Joyce Lee, who wrote the report on based on the survey, noted that companies in India were the most positive. “This was also reflected in the number of participants
nearly trebling to 17, which included Tata Consultancy Services, Reliance Industries and Larsen & Toubro. With high inflation continuing to plague the Indian economy, a third of the participants cited rising costs as their primary concern. An almost equal proportion listed global economic uncertainty as their main worry. With national elections just months away, three of the participants saw other risks, which include regulatory and political uncertainty, as their biggest worry. Sixteen companies reported an improvement in orders, compared to just five in the previous survey, while most participants said employment levels had remained the same.”

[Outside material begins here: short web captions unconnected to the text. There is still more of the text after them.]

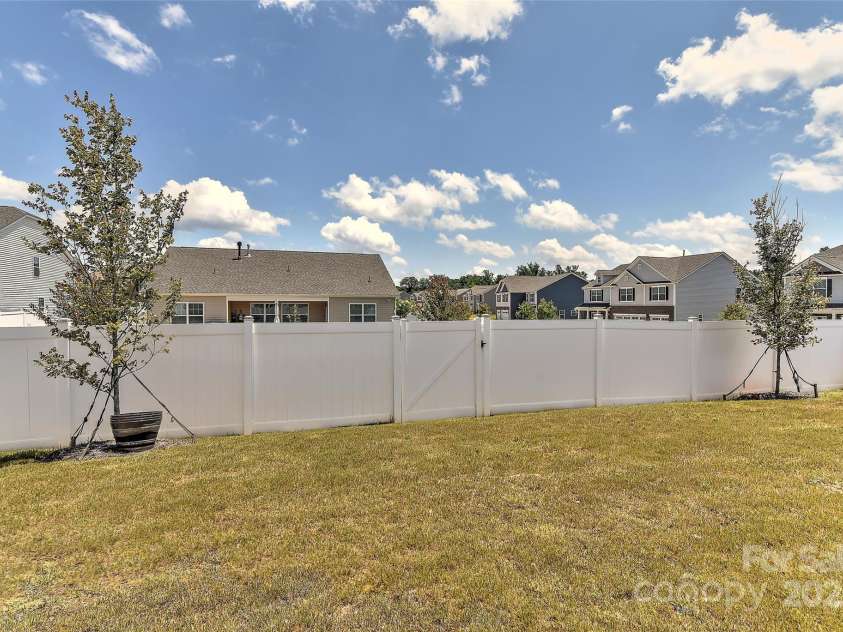 9505 Cotswood Place, Gastonia, NC 28056.  MLS# CAR4260674, YatesRealty ID 20677. 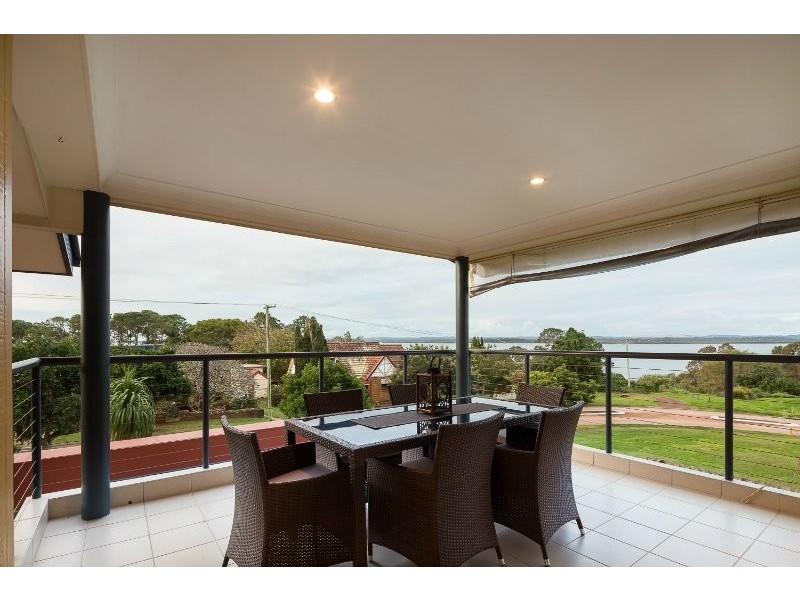 111 School Of Arts Road, Redland Bay QLD 4165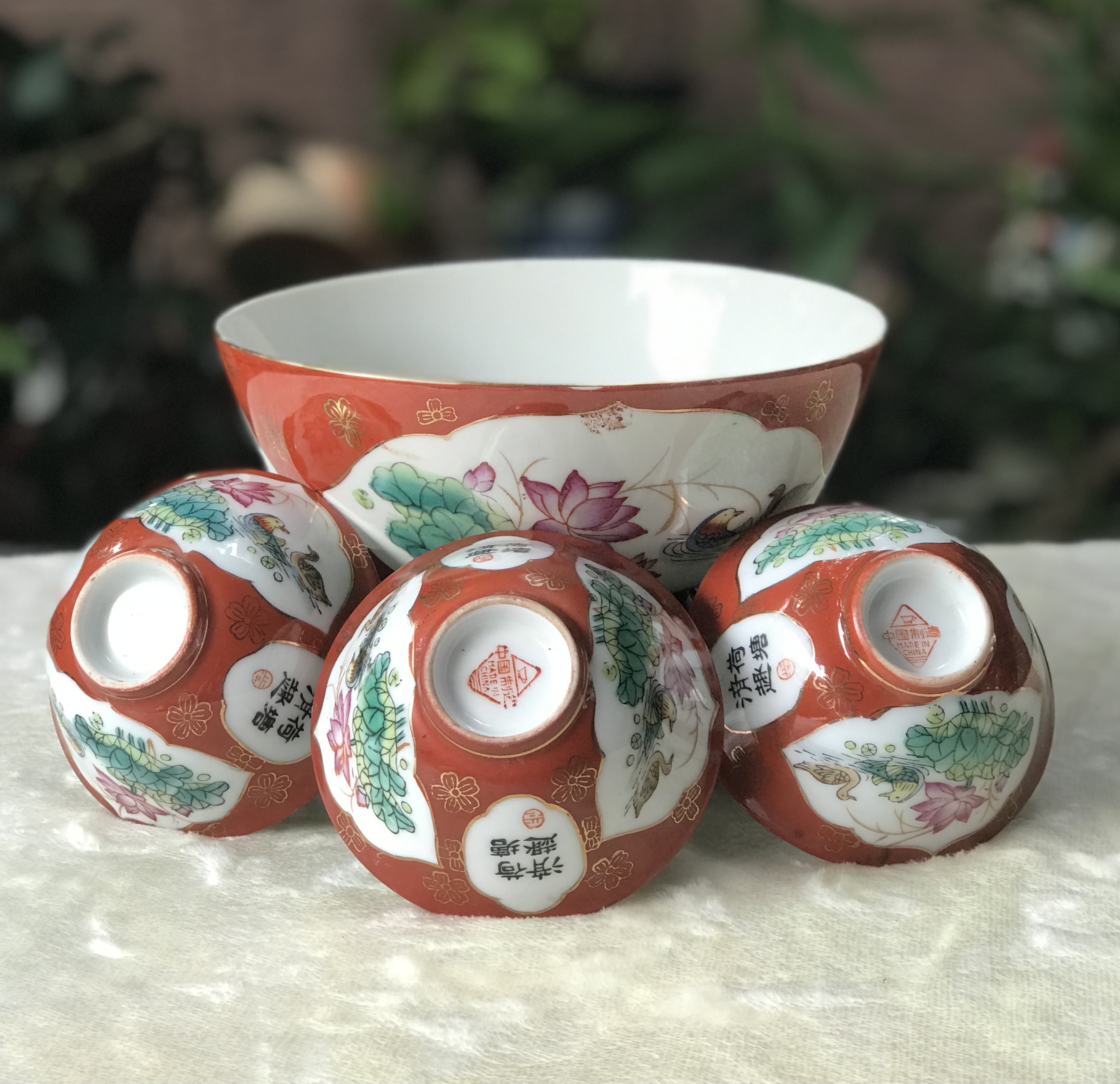 ชุด 4 ใบ/ชาม 1 ใบ และถ้วย 3 ใบ เนื้อกระเบื้องกังใส เขียนลายดอกบัวน้ำทอง Porcelain Hand Painted Floral, red and gold bowl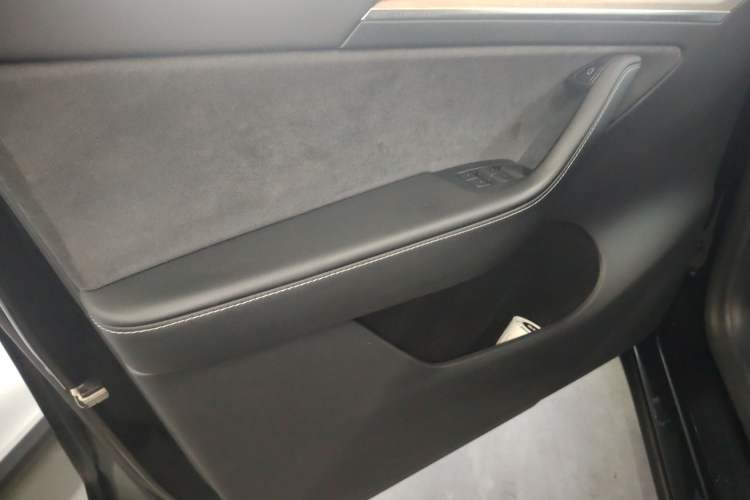 Used Tesla Model Y 2021 Standard Range Rear-Wheel Drive Version
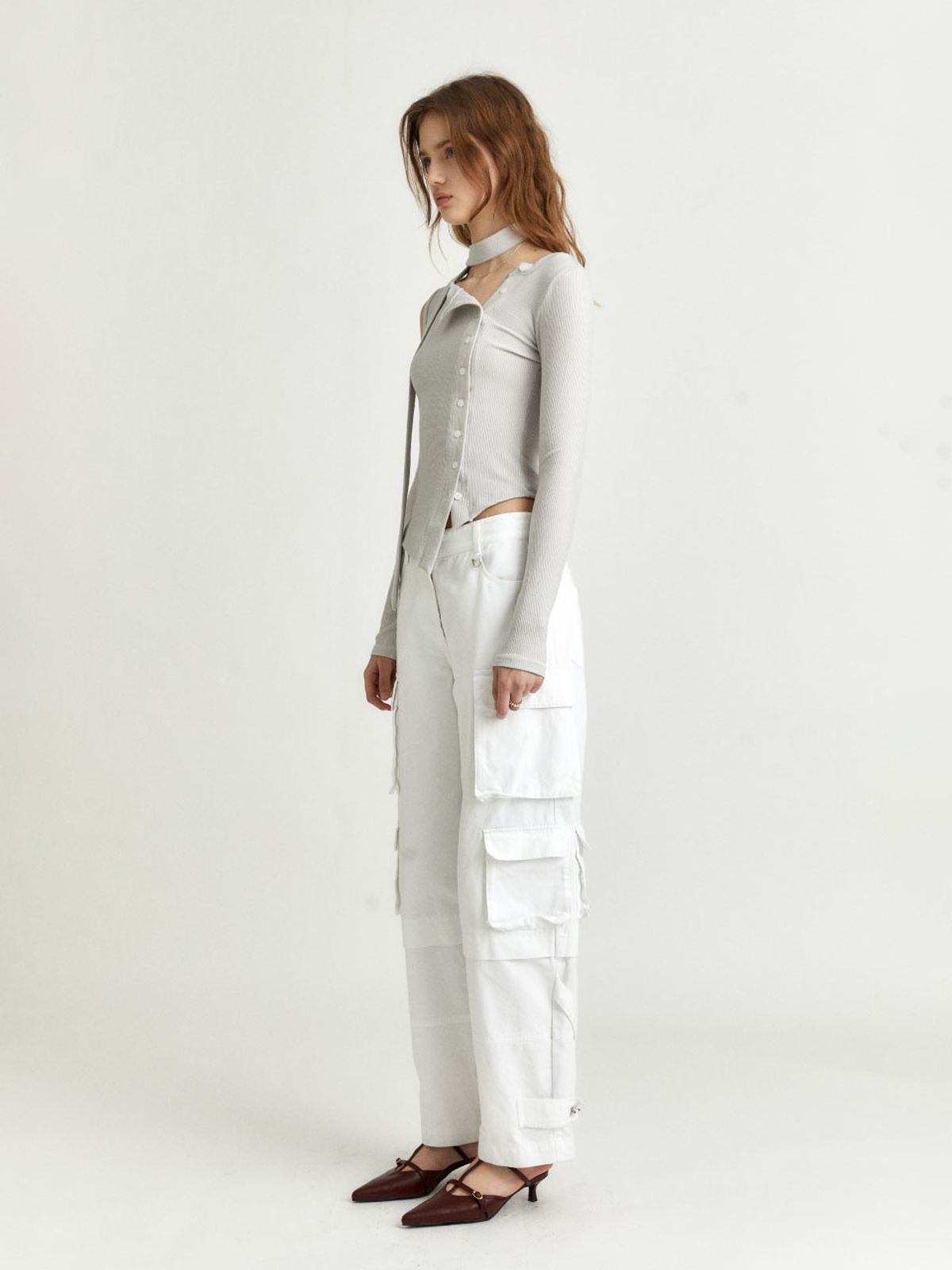 뮤제(MUSEE) VIENNE Unbalanced Cut-Out Detail Knitted Cardigan_Gray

China showed an uptick in fourth-quarter sentiment to 75 after holding steady at 50 earlier this year. “The companies appear to be upbeat on the expectation that overseas demand for Chinese exports will improve. Hopes stemming from the government’s reform measures announced in Q3, and rising income levels that could drive spending, are also causes for positive sentiment,” Cui Hongmei, a China market analyst at Seoul-based Daewoo Securities Co. told Thomson Reuters. Among ASEAN countries that had remained comparatively upbeat earlier this year, Malaysia remained the only bright spot with a score of 75, up from 69 in the last quarter, the survey showed.
When asked to identify business risks ahead, Asian technology companies, which participated in the survey came up with varied responses: four mentioned rising costs, three cited forex volatility, while four said they were concerned about global economic uncertainty. Japan’s Hitachi Ltd, NTT DoCoMo Inc and Australia’s Telstra Corp Ltd were among the companies that participated in the survey.
The survey, conducted by Thomson Reuters, world’s leading source of intelligent information for businesses and professionals, in association with INSEAD, a global management and business school, was compiled between December 2-13. Of the 128 companies that responded, two-thirds reported a neutral outlook while less than 30 percent were positive in their prospects.